Pada pinggir-pinggir jalan di lereng gunung itu memang belum halus bak aspal jalanan kota. Yang menjadi pemandangan unik adalah pedagang kaki lima di kanan kiri jalan yang sudah berdenyut menggerakkan ekonomi.
Saya jadi ingat apa yang dikatakan Sri Mulyani “orang Indonesia itu pekerja keras, tapi asetnya tidur.” Investasi yang saat ini digembar-gemborkan pemerintah telah mengubah watak orang Indonesia yang hidup selaras dan menjaga alam.
Investasi yang digadang membuat rakyat makin sejahtera tidak semulus kenyataannya. Kita seperti dibuat bahagia selama 30 tahun dan menderita selama-lamanya. Gambaran ini menjadi nyata saat hutan dan pegunungan kita habis satu demi satu hanya untuk melayani resort, penginapan dan taman hiburan.
Pembangunan besar-besaran mestinya tidak membunuh keberlangsungan ekosistem dan merusak keseimbangan alam.
Saya selalu ingat pada buku mendiang Radar Panca Dahana, mahzab kita bukanlah mahzab ekonomi liberal dan kapitalis. Mahzab ekonomi kita adalah ekonomi cukup. Narimo ing pandum.
Doktrin pembangunan yang ramah lingkungan dan juga tidak merusak alam kenyataannya tidak mau secara ketat membatasi atau melarang korporasi yang berpotensi merusak tatanan ekologis.
Tantangan kebutuhan pangan, kebutuhan sandang maupun papan tidak berarti menghalalkan paradigma pembangunan liberal dan kapitalistik
Teknologi dan juga konsep pembangunan yang berbasis pada kelestarian alam menjadi mutlak diperlukan. Kita tidak ingin tanah-tanah dalam kurun waktu 10 tahun ke depan makin berganti rupa menjadi perumahan, menjadi pabrik-pabrik maupun hotel yang hanya mengeruk kekayaan dan pundi pundi uang semata.
Tantangan Tak Mudah
Tekanan korporasi serta tarik ulur kepentingan pragmatis terhadap kekayaan alam kita perlu diberikan penegasan. Regulasi kita dalam pengelolaan tambang dan pelestarian alam cenderung pro kepada kepentingan pemodal maupun korporasi.

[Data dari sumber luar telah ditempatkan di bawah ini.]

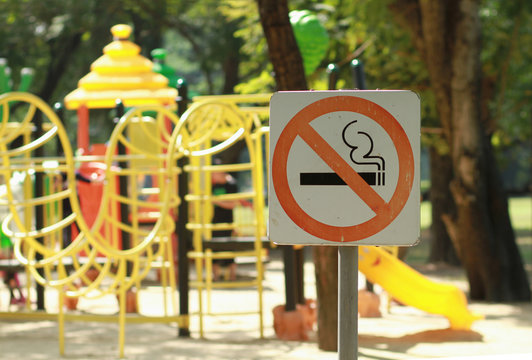 No smoking sign near children's playground in public park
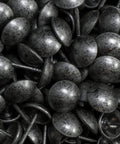 Heavy Duty Upholstery Tacks With A Sweet Antique Pewter Finish For Top Shelf Diy Furniture Fixes And Solid Home Project Upgrades Boasting Badass Durability With 100 Pieces Included close-up of antique pewter tacks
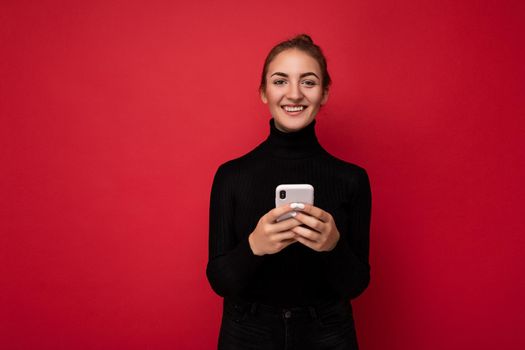 Photo shot of attractive positive good looking young woman wearing casual stylish outfit poising isolated on background with empty space holding in hand and using mobile phone messaging sms looking at camera.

COP 26 di Glasgow menjadi bukti bahwa kita belum sepenuhnya berkomitmen kuat terhadap pembangunan yang berkelanjutan dan berorientasi masa depan. “Perut yang lapar hari ini, memang berbahaya bila tidak segera makan. Lebih berbahaya lagi bila perut yang lapar justru membuat kita bertindak beringas dan di luar nalar.”
Apa guna kita menjadi modern, bila makin banyak kejatuhan kita dalam berbagai sisi. Apa enaknya mencecap keindahan dan menikmati keuntungan korporasi sementara hewan dan juga masa depan anak cucu kita diabaikan begitu saja.
Nostalgia paling perih adalah nostalgia bumi kita yang kian rusak parah oleh tangan bengis manusia sendiri.